2. A method as defined in claim 1 further comprising determining in said sample the levels of the metabolic markers at positions 7 to 23 in table 1 wherein the subject is diagnosed as having liver damage when the levels of the metabolic marker or markers at positions 7, 10, 17 and 23 in table 1 are increased with respect to the level of the same metabolic markers in a reference sample and when the levels of the metabolic markers at positions 8, 9, 11 to 16 and 18 to 22 in table 1 are decreased with respect to the level of the same metabolic markers in a reference sample.

3. A method for the determination of the efficacy of a therapy for liver damage comprising determining in a biological sample of a subject suffering from liver damage and having been treated with said therapy the levels of the metabolic markers at positions 1 to 6 in table 1 wherein the therapy is considered as effective for the treatment of liver damage when the levels of the metabolic marker or markers at positions 1 to 5 in table 1 are decreased with respect to the level of the same metabolic markers in a reference sample and when the level of the metabolic markers at position 6 in table 1 is increased with respect to the level of the same metabolic markers in a reference sample.

4. A method according to claim 3 further comprising determining in said biological sample the levels of the metabolic markers at positions 7 to 23 in table 1 wherein the therapy is considered as effective for the treatment of liver damage when the levels of the metabolic marker or markers at positions 7, 10, 17 and 23 in table 1 are decreased with respect to the level of the same metabolic markers in a reference sample and when the levels of the metabolic markers at positions 8, 9, 11 to 16 and 18 to 22 in table 1 are increased with respect to the level of the same metabolic markers in a reference sample.

5. A method as defined in claim 4 wherein the reference sample is selected from the group of

a. a sample of the patient before being contacted with the therapy and b. a sample from a patient suffering from liver damage either left untreated or having been treated with a control therapy.

A method for the identification of compounds causing liver damage comprising determining in a biological sample of a subject having been treated with a test compound the levels of the metabolic markers at positions 1 to 6 as defined in table 1 wherein the test compound is considered as causing liver damage when the levels of the metabolic markers at positions 1 to 5 are increased with respect to the level of the same metabolic markers in reference sample and when the level of the metabolic marker at position 6 is decreased with respect to the level of the same metabolic markers in a reference sample.

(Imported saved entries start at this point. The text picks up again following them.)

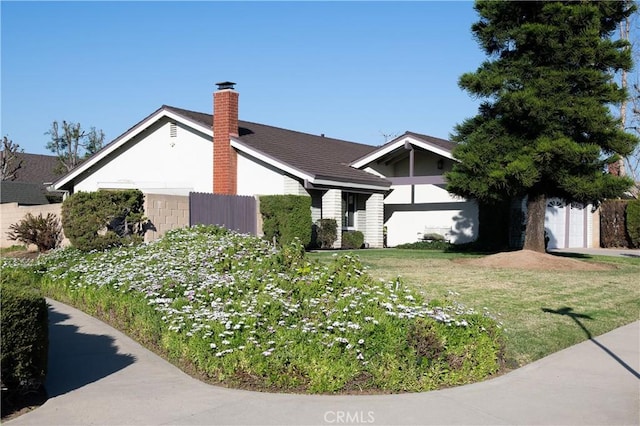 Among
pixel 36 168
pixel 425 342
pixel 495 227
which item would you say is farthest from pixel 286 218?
pixel 36 168

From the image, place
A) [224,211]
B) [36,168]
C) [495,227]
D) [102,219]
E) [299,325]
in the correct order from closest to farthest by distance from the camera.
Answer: [299,325] < [102,219] < [224,211] < [495,227] < [36,168]

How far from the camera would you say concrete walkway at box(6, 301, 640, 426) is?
5.68 metres

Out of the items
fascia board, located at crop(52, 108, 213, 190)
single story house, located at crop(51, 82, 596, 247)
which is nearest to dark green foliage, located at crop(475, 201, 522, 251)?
single story house, located at crop(51, 82, 596, 247)

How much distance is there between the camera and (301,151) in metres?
25.8

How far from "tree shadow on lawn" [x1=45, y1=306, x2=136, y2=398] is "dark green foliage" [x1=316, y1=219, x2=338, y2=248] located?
14.1 metres

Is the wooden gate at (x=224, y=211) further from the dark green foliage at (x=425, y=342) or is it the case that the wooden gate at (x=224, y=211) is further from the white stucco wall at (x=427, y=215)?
the dark green foliage at (x=425, y=342)

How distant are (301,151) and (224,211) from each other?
5.97 meters

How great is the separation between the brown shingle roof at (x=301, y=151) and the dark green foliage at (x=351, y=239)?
6.49 feet

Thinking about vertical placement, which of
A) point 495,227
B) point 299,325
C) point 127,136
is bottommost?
point 299,325

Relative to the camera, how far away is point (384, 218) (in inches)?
1120

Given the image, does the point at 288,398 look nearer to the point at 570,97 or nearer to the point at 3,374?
the point at 3,374

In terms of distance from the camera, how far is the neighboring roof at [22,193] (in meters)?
37.1

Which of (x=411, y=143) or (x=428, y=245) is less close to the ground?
(x=411, y=143)

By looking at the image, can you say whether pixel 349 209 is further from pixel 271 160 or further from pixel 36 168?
pixel 36 168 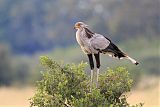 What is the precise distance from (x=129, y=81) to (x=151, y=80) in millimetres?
22727

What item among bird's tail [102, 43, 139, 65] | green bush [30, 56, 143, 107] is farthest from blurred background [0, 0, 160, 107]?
bird's tail [102, 43, 139, 65]

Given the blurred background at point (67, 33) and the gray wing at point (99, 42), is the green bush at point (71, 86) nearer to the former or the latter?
the gray wing at point (99, 42)

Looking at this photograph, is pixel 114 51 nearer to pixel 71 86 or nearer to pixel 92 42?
pixel 92 42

7. A method according to claim 6 further comprising determining in said sample the levels of the metabolic markers at positions 7 to 23 in table 1 wherein the test compound is considered as causing liver damage when the levels of the metabolic markers at positions 7, 10, 17 and 23 in table 1 are increased with respect to the level of the same metabolic markers in reference sample and when the levels of the metabolic markers at positions 8, 9, 11 to 16 and 18 to 22 in table 1 are decreased with respect to the level of the same metabolic markers in a reference sample.

8. A method as defined in claims 6 or 7 wherein the reference sample is selected from the group of

(i) a sample of the subject before being contacted with the test compound and

> (ii) a sample from a subject not suffering liver damage.

A method as defined in any of claims 1 to 8 wherein the biological sample is blood, plasma or serum.

A method as defined in any of claims 1 to 9 wherein the determination of the level of the one or more biological markers is carried out by mass spectrometry (MS).

11. A method as defined in claim 1 to 10 wherein the biological sample is fractionated by liquid chromatography prior to the determination of the levels of the metabolic markers.